Afonso Arinos
A mansão na rua Dona Mariana 63, que pertenceu a Afonso Arinos de Mello Franco, foi doada por sua família à Prefeitura do Rio e hoje abriga o Centro de Pesquisas do Instituto de Relações Internacionais da PUC Rio. No livro de visitas da casa, tombada pelo patrimônio histórico, vejo que a última assinatura antes da minha é de 2015. Triste constatação de que um dos maiores nomes da política do século XX não é mais de interesse público.
Afonso Arinos nasceu em 1905 e foi uma das personalidades mais importantes de seu tempo. Exerceu enorme influência na política nacional e no meio intelectual, a partir da década de 1930 até 1990, ano de sua morte. Filho de uma tradicional família mineira de políticos, intelectuais e diplomatas, Afonso Arinos não fugiu à tradição: foi advogado, jornalista, escritor, diplomata e político.
Aos 23 anos, já casado, Afonso Arinos mudou-se para o Rio de Janeiro, onde passou a conviver com a nata da intelectualidade do país. Ele frequentava a Livraria Católica, fundada pelo poeta Augusto Frederico Schmidt. O local era ponto de encontro de um grupo de pensadores católicos de prestígio como Alceu Amoroso Lima, Sobral Pinto, San Tiago Dantas e José Lins do Rego. Afonso Arinos também escrevia crônicas em O Jornal, de Francisco de Assis Chateaubriand, e na Revista do Brasil. No meio jornalístico, reencontrou os colegas do tempo de escola em Minas – Carlos Drummond de Andrade, Pedro Nava, Emílio Moura e Abgar Renault – e aproximou-se dos modernistas Graça Aranha, Sérgio Buarque de Holanda, Prudente de Morais Neto, Ronald de Carvalho, Manuel Bandeira e Gilberto Freyre.

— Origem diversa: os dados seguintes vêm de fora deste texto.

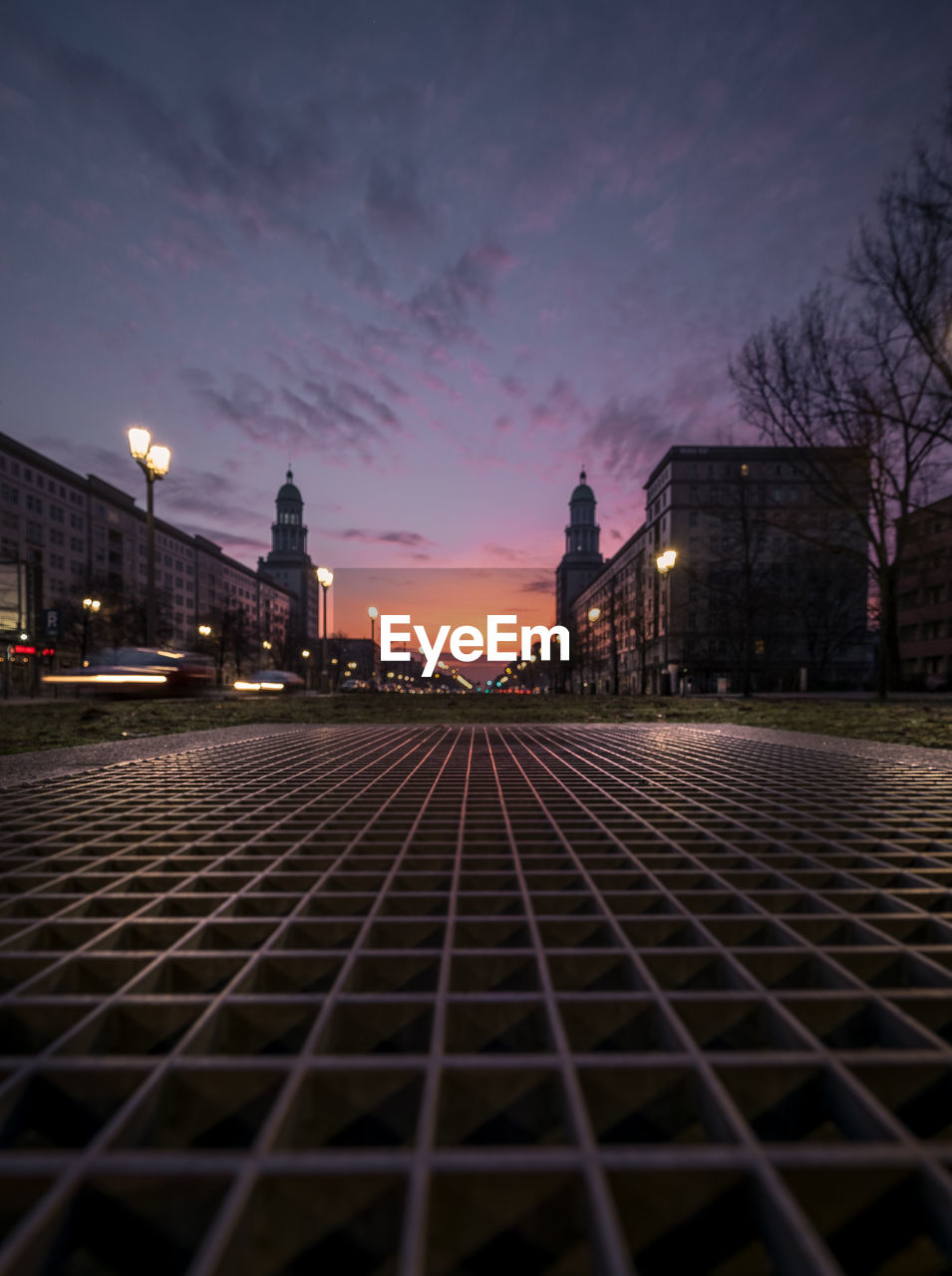 SURFACE LEVEL OF ILLUMINATED STREET LIGHTS AGAINST SKY AT SUNSET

Ao mesmo tempo em que enveredava pelo caminho das letras, Afonso Arinos mergulhava de cabeça na política. O país estava em polvorosa. Os paulistas haviam rompido o pacto oligárquico do café com leite, e Minas Gerais se revoltava. A família dele passou a apoiar a revolução comandada por Getúlio Vargas, em 1930. Seu irmão, Virgílio, foi importante líder da revolução, mas rompeu com o governo por causa de divergências em relação à política mineira. Afonso Arinos passou, então, a ser um feroz opositor de Getúlio, a partir da implantação do Estado Novo, em 1937. Enquanto denunciava a ditadura, fazia campanha para a entrada do Brasil na Segunda Guerra Mundial ao lado dos aliados. Em 1943, assinou o Manifesto dos Mineiros, primeira manifestação política contra a ditadura de Vargas. Dois anos depois, foi um dos fundadores da União Democrática Nacional (UDN), frente que reunia a oposição ao então presidente.

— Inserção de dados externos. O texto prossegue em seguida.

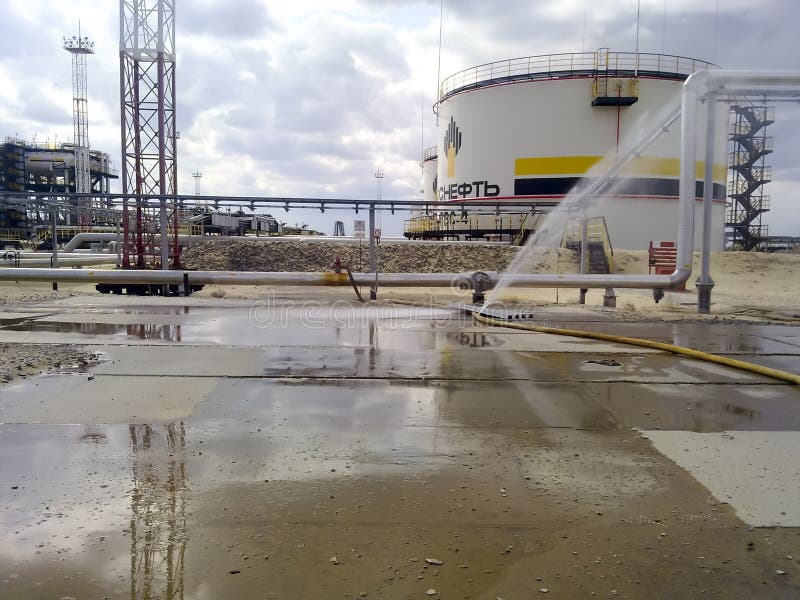 Σχισμένη μάνικα της μάνικας πυρκαγιάς Το νερό γέμισε το συγκεκριμένο πεζοδρόμιο Δεξαμενή και σωληνώσεις πετρελαίου Πετρελαιοφόρες στοκ εικόνα Σχισμένη μάνικα της μάνικας πυρκαγιάς Το νερό γέμισε το συγκεκριμένο πεζοδρόμιο Δεξαμενή και σωληνώσεις πετρελαίου Πετρελαιοφόρες στοκ εικόνα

Como toda grande figura pública, Afonso Arinos era multifacetado. Se é verdade que ele apoiou a deposição de Getúlio Vargas, em 1954, e a de João Goulart, em 1964, também é verdade que, no posto de ministro das Relações Exteriores do breve governo de Jânio Quadros, desenvolveu uma política externa independente, marcada pelo não alinhamento automático aos Estados Unidos, pela aproximação com os países do bloco socialista, pelo reconhecimento do governo de Fidel Castro, em Cuba, e pela condenação explícita do colonialismo na África e na Ásia. Apesar de representar a oligarquia mineira conservadora, Afonso Arinos, como senador constituinte, ajudou a escrever a Constituição Cidadã de 1988, a mais avançada da história. E foi dele a lei que, em 1951, tornou a discriminação racial uma contravenção penal – a Lei Afonso Arinos –, uma das poucas leis que todo brasileiro conhece. Era conservador, mas tinha, em seu círculo de amizades, intelectuais e políticos de todos os matizes. E por eles era respeitado.

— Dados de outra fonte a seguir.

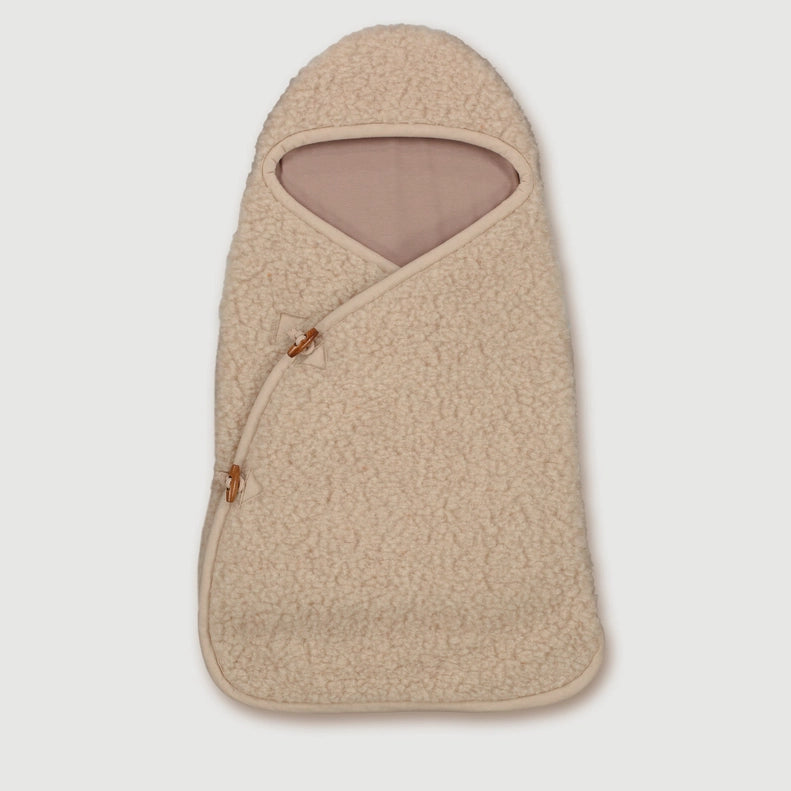 Wrap your newborn in the Finch & Fable Wool Cocoon in OatÑan ultra-gentle newborn sleep sack designed for warmth and comfort.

Políticos como Afonso Arinos, Tancredo Neves e Ulysses Guimarães fazem falta ao Brasil dos tempos de irracionalidade. Embora conservadores, eram nacionalistas e faziam a boa política, em que a discussão se dava no campo das ideias. E, mesmo quando em lados opostos, sabiam construir pontes.
A propósito, boa parte do acervo fotográfico da família Mello Franco está guardada e preservada na Fundação Getúlio Vargas, que ostenta o nome de seu grande adversário político e que, por ironia, é um dos centros de formação do pensamento liberal. Por ironia dupla, o liberalismo só ganhou força após a forte industrialização promovida durante a Era Vargas.